Village in Essex, England

Nazeing ( NAYZ-ing) is a village and civil parish in the Epping Forest district, in Essex, England. As well as the small village of Nazeing itself the parish also includes surrounding rural areas and the larger village of Lower Nazeing. The Prime Meridian passes to the west of Lower Nazeing. At the 2021 census the parish had a population of 4,799, of which 3,740 lived in the built up area of Lower Nazeing.

==Location and topography==
Nazeing is approximately four miles north of Waltham Abbey, one mile south-west of Harlow, and is bounded on the west by the River Lea. Most of it is still rural, but during the past 40 years there has been a considerable development of market gardening, light industry, holiday fishing, and boating. The older village of Nazeing is separated by open farmland from the larger Lower Nazeing to the west.

The land gradually rises from the river to a small hill and bowl-shaped plateau, about 270 ft. above sea level, in the east. Apart from the alluvium by the river, and a strip of gravel a little to the east of it, the soil is London Clay.

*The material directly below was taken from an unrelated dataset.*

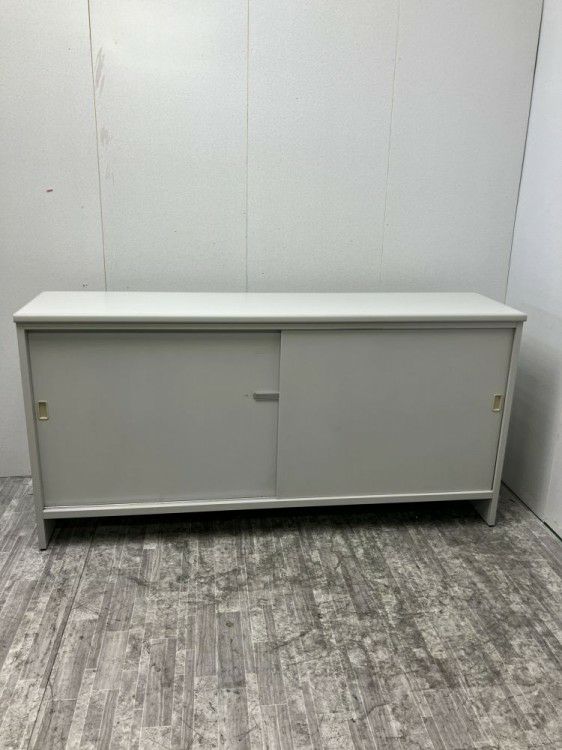 オカムラ1800ハイカウンター 商品画像2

Nazeingwood Common covers much of the eastern plateau and was originally part of Waltham Forest, but in the 13th century was deforested for pasture. It was also ploughed up during the Second World War. From the common a small brook runs west through the middle of the parish.

==History of Nazeing==
===Early===
Potsherds of Iron Age A and fragments of Iron Age pots have been found in Nazeing which show that people have lived
here for more than 2000 years. Roman remains include burials found in Nazeing Mead, near the river. The original Saxon settlement was probably in the east of the parish, near the church. The position of this village, now called Upper Park Town, may have given Nazeing its name, which means 'settlers on a spur of land'. The Old English word nœss, or naze, is related to the modern word nose and refers to a spur or headland, while the suffix -ing means "the dwellers at", so the name can be translated as "People of the Headland".
The Saxons first established compact settlements called hams; more scattered communities with names ending in ing followed a generation or two later. Waltham, the place in the wood, was probably settled by 600 A.D, which would suggest a date some time in the seventh century for its neighbour Nazeing. Until recently the area around Nazeing Primary School was known as the Ham fields, and it is possible that their name recalls the site of the first settlement in Nazeing.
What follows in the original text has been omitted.